Carlos Ruiz Zafón komponiert diesen düsteren Literatur-Krimi meisterhaft. Zafóns Text versprüht Poesie und Wortwitz, was auch in der Übersetzung von Peter Schwaar wunderbar herauskommt. Wobei ich etwas mehr als die Hälfte des Buches brauchte, um mich wirklich von der Geschichte mitreißen zu lassen. Die Verästelung und Ausführlichkeit der Geschichten in der Geschichte ermüdeten mich zunächst ein wenig. Manchmal fand ich es schwierig, dabei den roten Faden und alle Zusammenhänge im Auge zu behalten. Auch über die Vielzahl der beteiligten Personen verlor ich hin und wieder den Überblick. Erst im hinteren Teil des Buches verdichtet sich alles zu einem logischen Ganzen, werden Namen zu Charakteren. Dann aber wird es auch extrem spannend, und man kann sich dem Sog der Lektüre nur noch schwer entziehen.

Ein gewichtiger Kritikpunkt allerdings ist der geradezu unschuldig daherkommende grobe Sexismus, der sich hin und wieder breit macht. Dieser Fermín ist ein ganz formidabler Kerl, bis zu dem Augenblick, wo er - schwerverletzt, versteht sich - nicht aufhört, der Krankenschwester in den Hintern zu kneifen. Was mich aber noch wütender macht, sind Sätze wie „… hatte ein beschränktes Mannweib mit Prinzessinnenfantasien und dem Aussehen einer Putze geheiratet …“. Klar, das Buch ist ein Männerroman, da muss man als Frau schon mal ein Auge zudrücken. Aber man kann sich auch nicht immer wie selbstverständlich damit herausreden, mit bestimmten sexistischen Stereotypen nur den Horizont der Protagonisten oder den historischen Zeitgeist dargestellt zu haben.

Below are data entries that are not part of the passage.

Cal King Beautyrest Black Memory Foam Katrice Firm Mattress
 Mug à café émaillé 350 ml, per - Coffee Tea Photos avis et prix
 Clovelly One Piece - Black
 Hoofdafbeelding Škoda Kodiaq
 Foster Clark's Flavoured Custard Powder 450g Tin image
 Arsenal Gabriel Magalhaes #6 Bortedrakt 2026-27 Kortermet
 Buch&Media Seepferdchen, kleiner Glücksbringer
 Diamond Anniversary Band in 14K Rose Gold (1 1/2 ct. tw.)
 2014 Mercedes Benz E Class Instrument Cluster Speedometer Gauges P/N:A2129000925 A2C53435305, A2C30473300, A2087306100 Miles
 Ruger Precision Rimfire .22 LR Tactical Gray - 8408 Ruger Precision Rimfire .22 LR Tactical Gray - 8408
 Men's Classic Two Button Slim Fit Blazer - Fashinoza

Solche Mängel, sowie auch der dem Werk innewohnende Hang zur Melodramatik, führten bei meiner Bewertung zu einem Punktabzug, konnten aber nicht verhindern, dass ich am Ende begeistert den Buchdeckel zugeklappt habe und das Werk nun als insgesamt lesenswert weiterempfehle. Wenn man das Märchenhafte der Geschichte akzeptiert (märchenhaft nicht im Sinne von magischem Schnickschnack, sondern im Sinne einer gewissen Idealisierung der Handlungsverläufe - im Positiven wie im Negativen), dann hat man beim Lesen Freude. Es hat sich gelohnt, Carlos Ruiz Zafón, der leider in diesem Jahr verstarb, anhand dieses spannenden Stücks Literatur kennenzulernen.

Kommentare

wandagreen kommentierte am 14. Oktober 2020 um 14:10

Deine Rezension ist spannend und überzeugend, ich habe nun endl verstanden, worum es in diesen Romanen geht. Danke dafür. Aber das Thema scheint mir unendlich langweilig zu sein. Ich werde also Carlos niemals richtig kennenlernen. RIP.